Knowing when to change hunting strategies was the key to my success. Since I hadn't stalked the backside of the property, I could have stalk hunted that region on the second morning of my hunt instead of taking a stand. I might or might not have seen the deer, because most often when I stalk hunted I concentrated on looking for places to take a stand. Sometimes I find stalk hunting for deer more productive than stand hunting. However, when I saw the area I chose to stand and realized the deer hadn't had any hunting pressure in that region at the time of day I planned to hunt, I decided to abandon my stalk-hunting strategies and take a stand.

But simply taking a stand does not result in a successful hunt.
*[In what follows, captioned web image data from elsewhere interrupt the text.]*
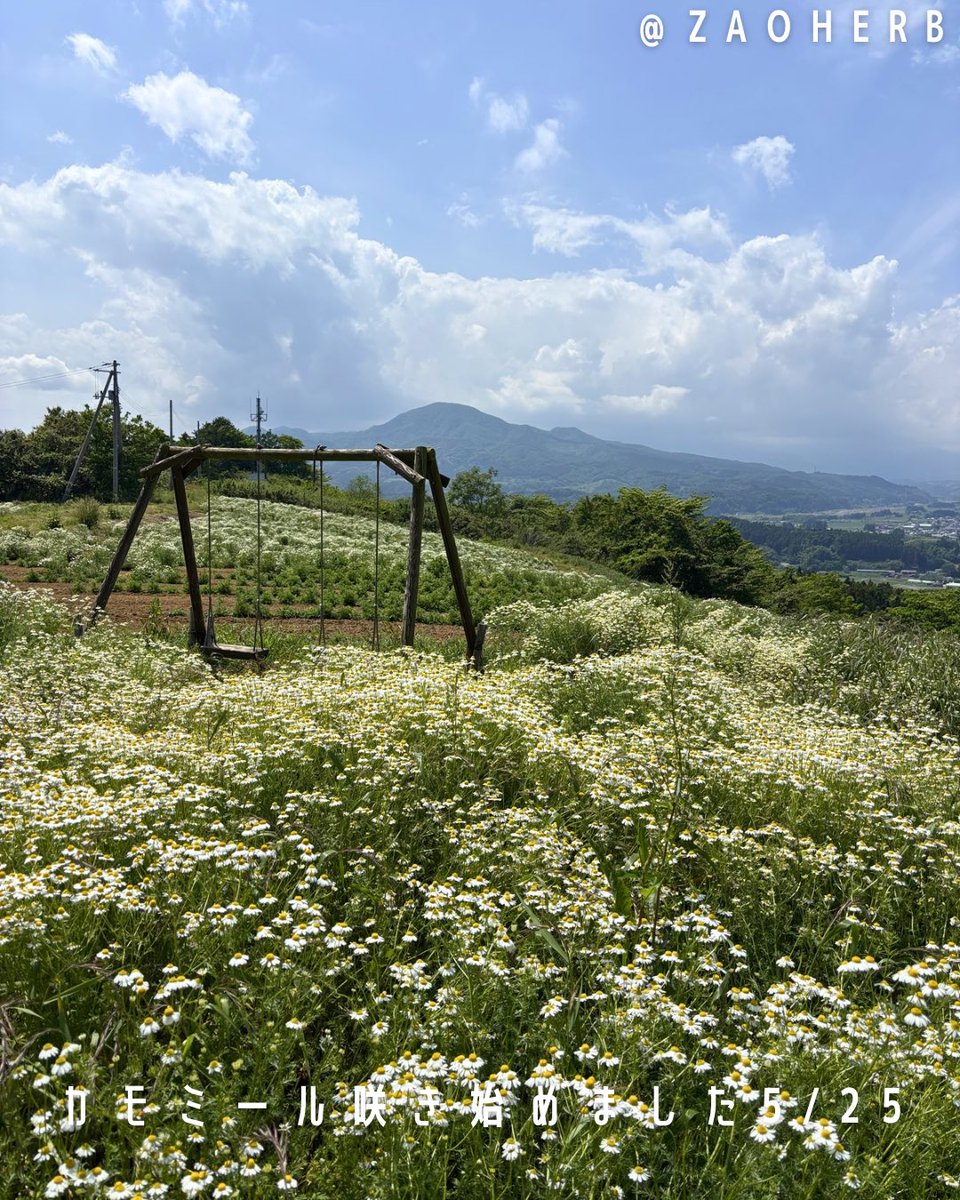 zaoherb's tweet photo. カモミール咲き始めました。
5/25撮影。
摘み取り受けつけます。
希望する方はざおうハーブのレジに伝えてください。 https://t.co/ve2utommn7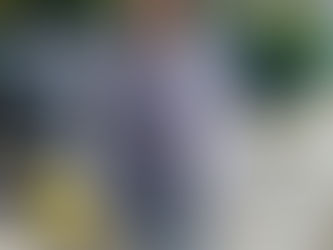 Commission Restauration - actions & comptes-rendus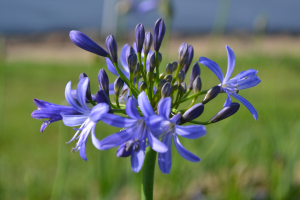 Agapanthus 'Johannesburg' (à feuillage caduque)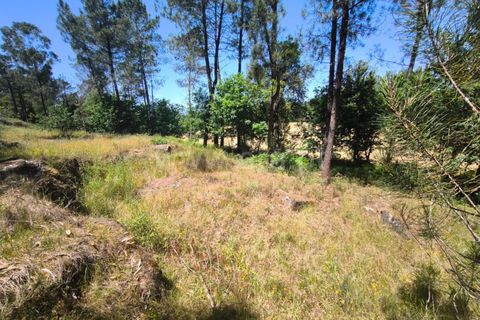 Helårsgrund i Barcelos, Braga, Barcelos - € 37.500 | Ref: 254260800 - foto 7
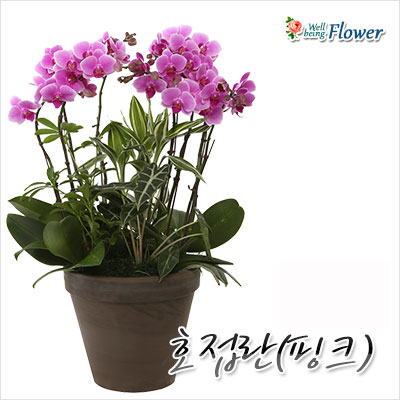 [신상]호접란(핑크)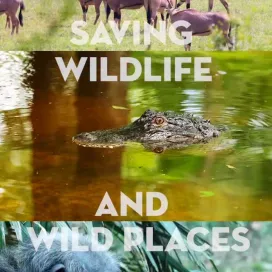 Everyday is Earth Day at the North Carolina Zoo 💚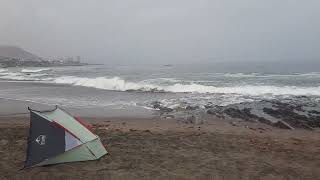 A vida no litoral norte do Oceano Pacifico em Chile Жизнь на побережье Тихого океана в Чили [upl. by Kryska]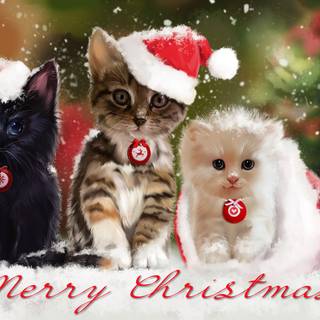 New Year cat wallpaper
If you stand in the wrong place, you won't bag the deer. Oftentimes the intuitive part of your brain may pick a better stand site than your conscious reasoning side will. However, you may find learning to trust the intuitive side of your brain very difficult, because often it conflicts with the reasonable side of your brain. But by having the adaptability to abandon my first stand because of a notion I had, I stood ready in the right place at the right time to bag my buck.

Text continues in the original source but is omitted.